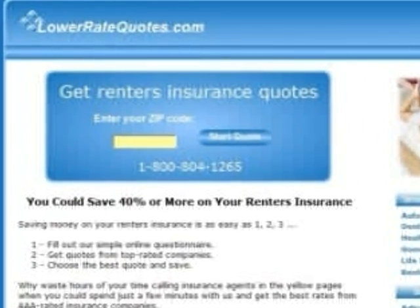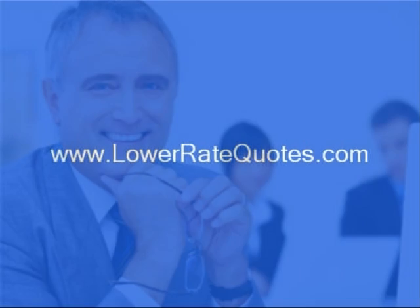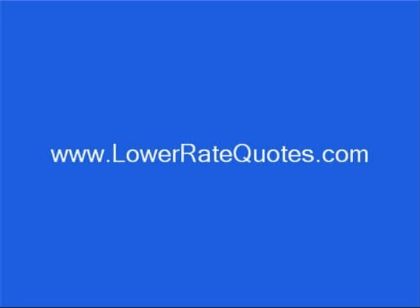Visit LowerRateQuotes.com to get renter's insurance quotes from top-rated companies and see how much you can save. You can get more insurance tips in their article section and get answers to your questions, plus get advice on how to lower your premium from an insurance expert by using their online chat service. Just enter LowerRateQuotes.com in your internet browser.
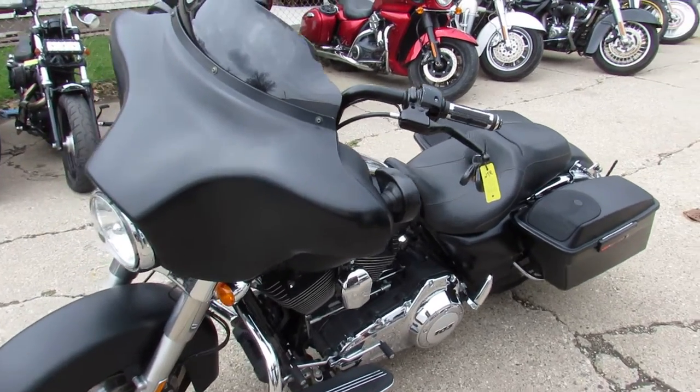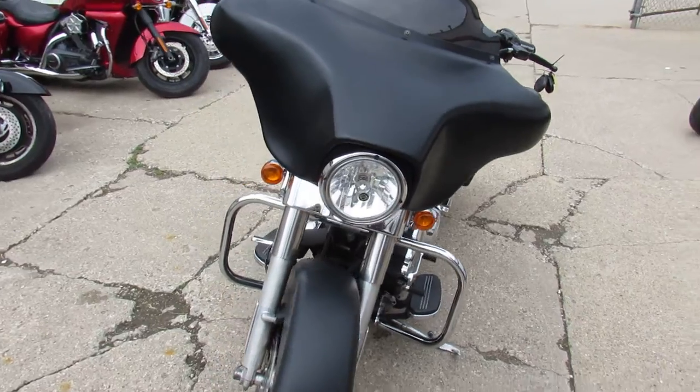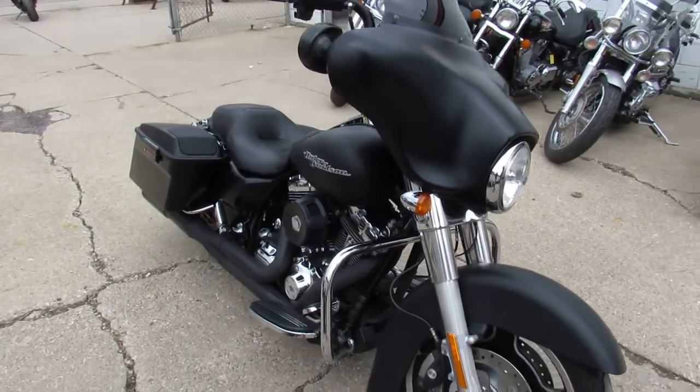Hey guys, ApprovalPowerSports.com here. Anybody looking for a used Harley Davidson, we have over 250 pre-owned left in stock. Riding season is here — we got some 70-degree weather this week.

§

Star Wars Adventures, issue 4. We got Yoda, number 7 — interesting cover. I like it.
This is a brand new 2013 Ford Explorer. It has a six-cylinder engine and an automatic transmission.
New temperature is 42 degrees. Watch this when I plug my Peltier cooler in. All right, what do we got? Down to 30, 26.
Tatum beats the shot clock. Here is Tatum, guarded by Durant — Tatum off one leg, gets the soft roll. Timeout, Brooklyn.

§

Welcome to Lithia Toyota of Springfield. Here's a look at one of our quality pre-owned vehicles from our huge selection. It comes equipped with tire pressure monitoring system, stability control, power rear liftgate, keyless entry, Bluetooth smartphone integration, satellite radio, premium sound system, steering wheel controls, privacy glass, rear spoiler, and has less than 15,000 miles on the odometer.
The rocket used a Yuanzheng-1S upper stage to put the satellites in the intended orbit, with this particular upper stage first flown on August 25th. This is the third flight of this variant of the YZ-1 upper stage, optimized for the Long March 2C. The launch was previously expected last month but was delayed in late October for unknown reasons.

§

Copy the lines above exactly, beginning at the line that has "This is a brand" and stopping after the line that has "Tatum beats the", and omit the rest.

This is a brand new 2013 Ford Explorer. It has a six-cylinder engine and an automatic transmission.
New temperature is 42 degrees. Watch this when I plug my Peltier cooler in. All right, what do we got? Down to 30, 26.
Tatum beats the shot clock. Here is Tatum, guarded by Durant — Tatum off one leg, gets the soft roll. Timeout, Brooklyn.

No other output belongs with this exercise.